Q: Do these AM5 boards support Ryzen 9000 out of the box?
The GIGABYTE B650M K and B650M D3HP AX both list Ryzen 9000 Series support in their current product descriptions, but like any AM5 board, a BIOS update may be required if the board sat on a shelf since 2022. Check the shipping BIOS version on the box — if it’s below the Ryzen 9000 compatibility revision, update before installing the CPU.
Q: Is DDR5 worth it over DDR4 in 2026?
The price gap between DDR4 and DDR5 kits has compressed to roughly $10-20 for a 32GB set. DDR5 is now the default for new builds — the platform longevity and memory bandwidth advantages are worth the marginal extra cost.

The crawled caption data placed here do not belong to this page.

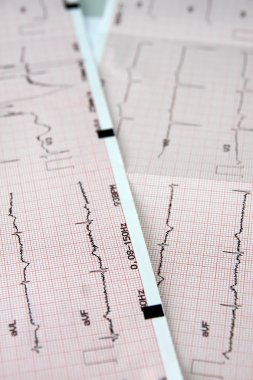 EKG diyagramı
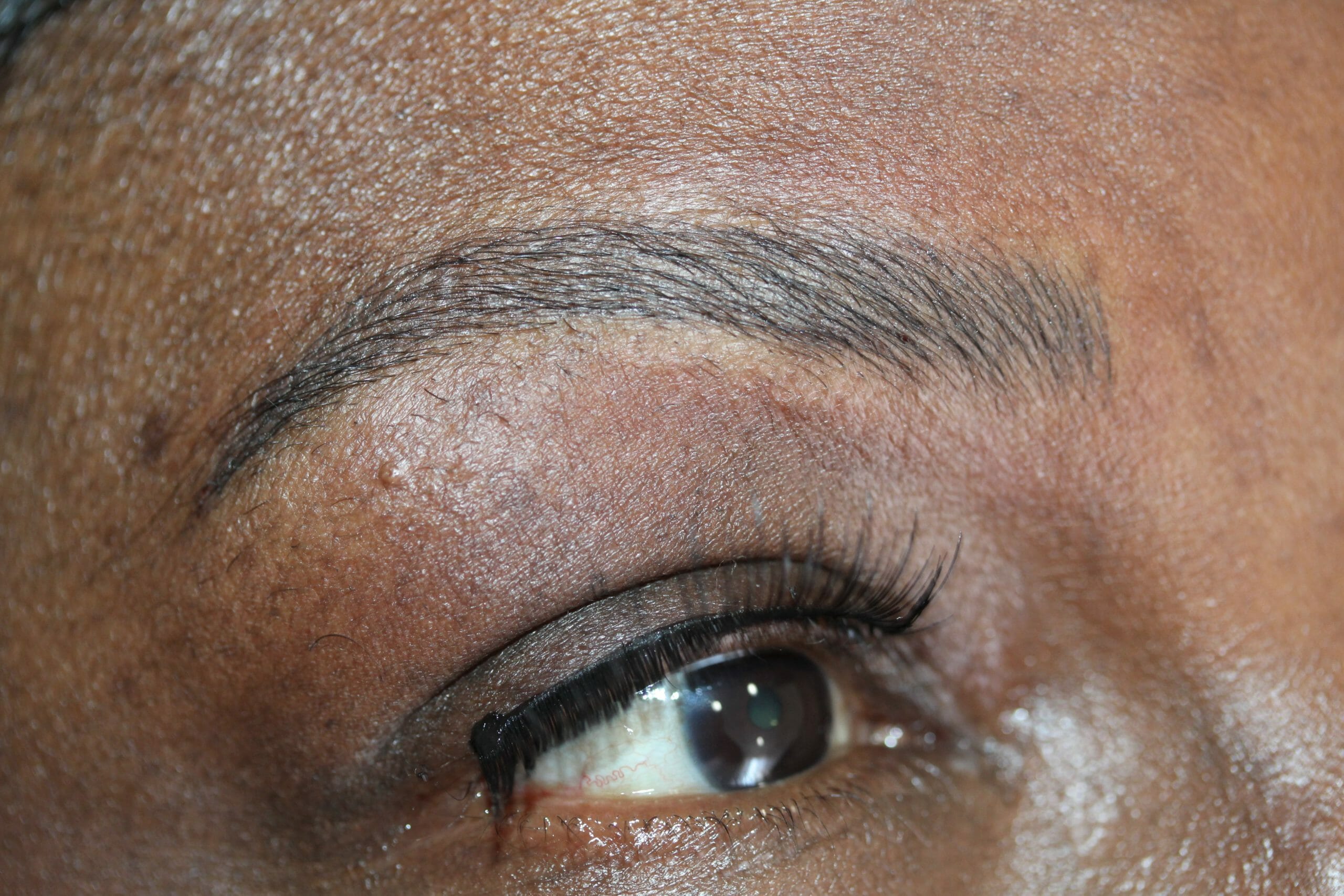 permanent eyebrow tattoo at ruth swissa medical spa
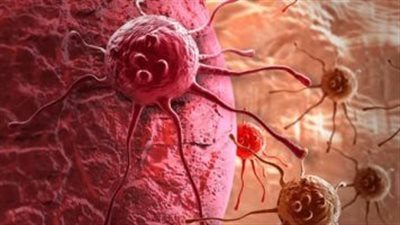 باحثون يكشفون ترابط الشيخوخة البيولوجية بزيادة خطر الإصابة بالسرطان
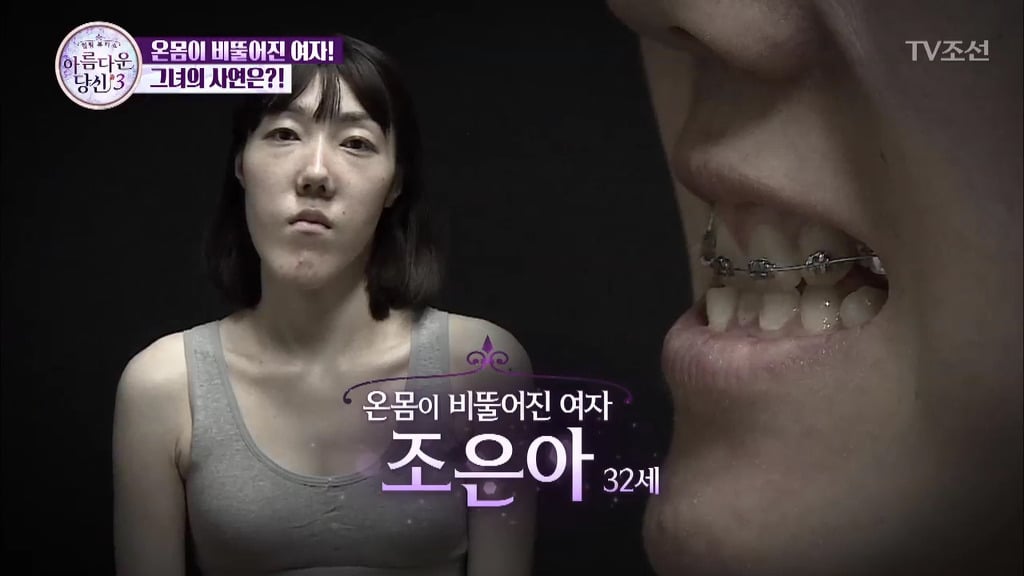 부정교합을 방치하면 안되는 이유 | 인스티즈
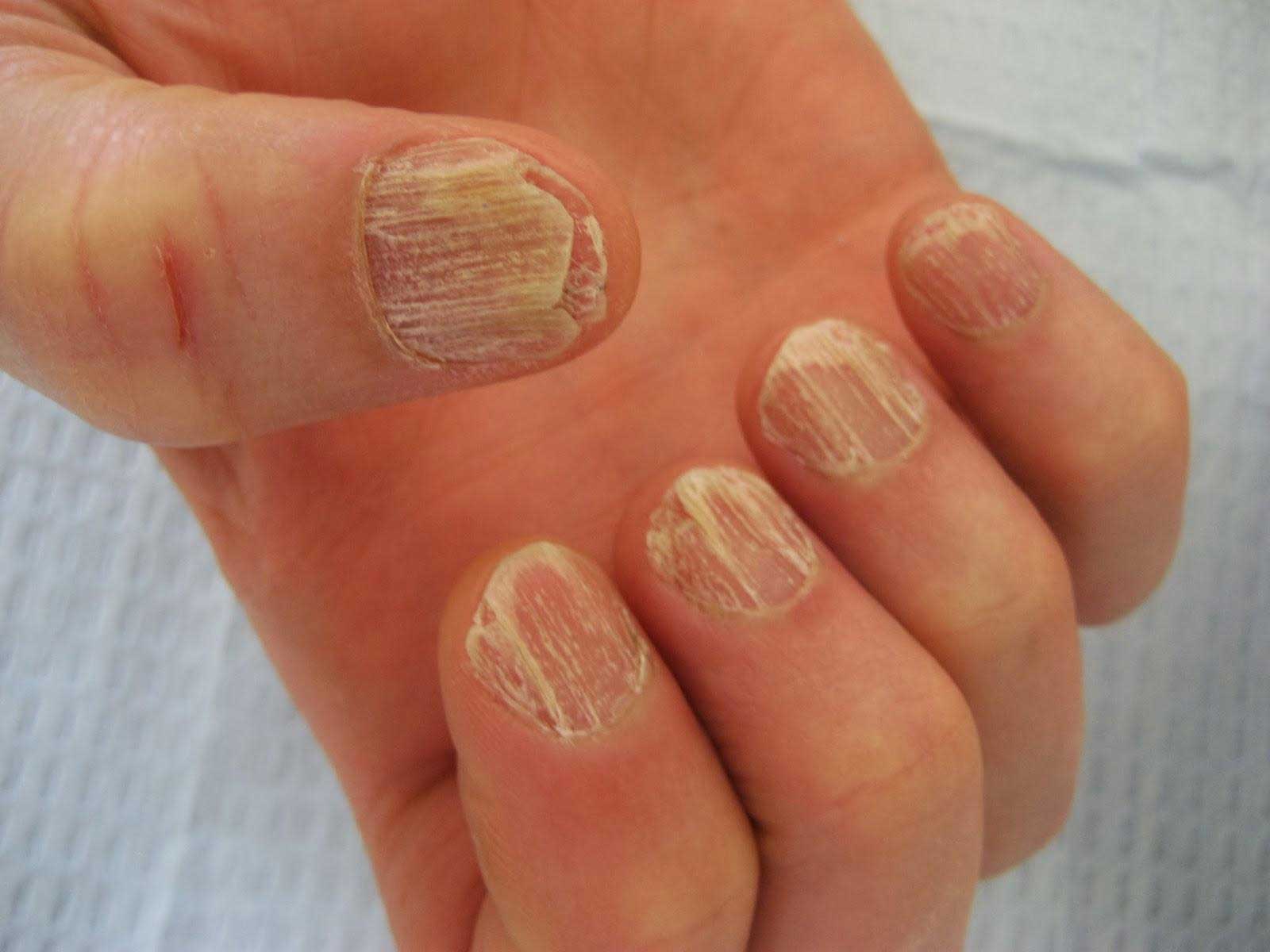 fingernails affected by nail fungus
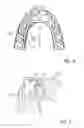 Fig. 04 - DENTAL SUCTION ARRANGEMENT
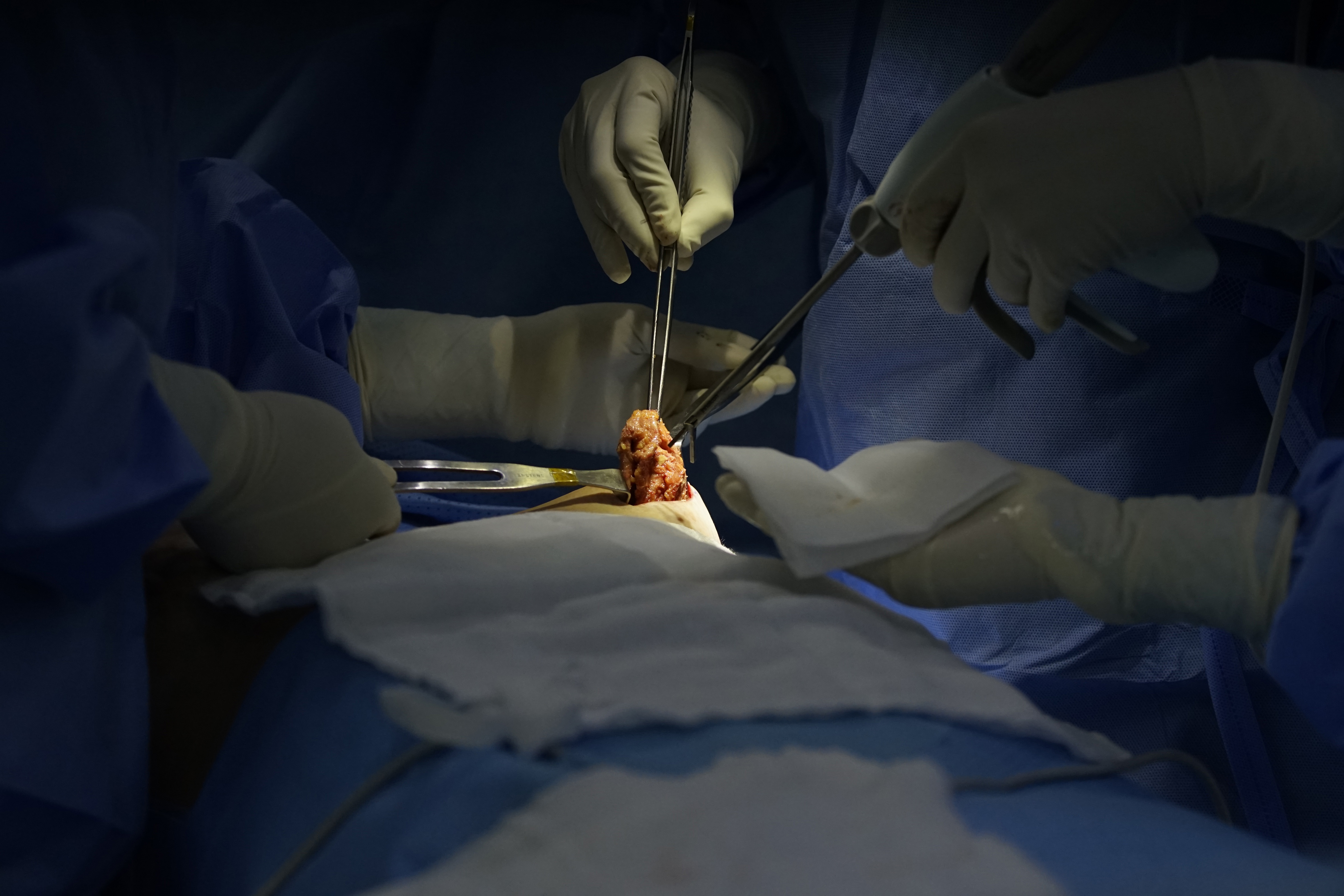 'Gia bao xo' sau nang nguc can tro do mem vong mot hinh anh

DDR4 makes sense only if you’re reusing an existing kit from a previous build.
Q: Can I run a discrete GPU on all of these boards?
Yes. Every board in this roundup includes a full-length PCIe 5.0 x16 slot for the GPU (the B650M K uses PCIe 4.0 x16, still plenty of bandwidth for current GPU generations including RTX 4090). PCIe 5.0 GPU slots have zero performance advantage over PCIe 4.0 for today’s graphics cards.
Q: Which board is best for a first PC build?
The MSI PRO B760M-A WiFi is the friendliest for first builds — the BIOS EZ Mode is well-designed, it includes WiFi so you’re not hunting for an ethernet port on first boot, and the single M.2 slot keeps the cable situation simple. If you’re comfortable with BIOS navigation, the ASUS TUF B760M-Plus WiFi is also excellent with its more comprehensive feature set.
The Bottom Line
For Intel builds under $150, the ASRock B760M Pro RS WiFi at $99 is the value leader — Killer WiFi 6E and dual M.2 at that price is genuinely impressive. If you’re running a Core i9 or want Thunderbolt 4, step up to the ASUS TUF Gaming B760M-Plus WiFi at $135. For AMD, the GIGABYTE B650M D3HP AX at $129 covers everything a Ryzen 5/7 builder needs: WiFi 6E, 4 RAM slots, and dual M.2 — without the price premium of the MSI MAG B650M MORTAR WiFi that sits $30-40 higher for minimal practical gain on most builds.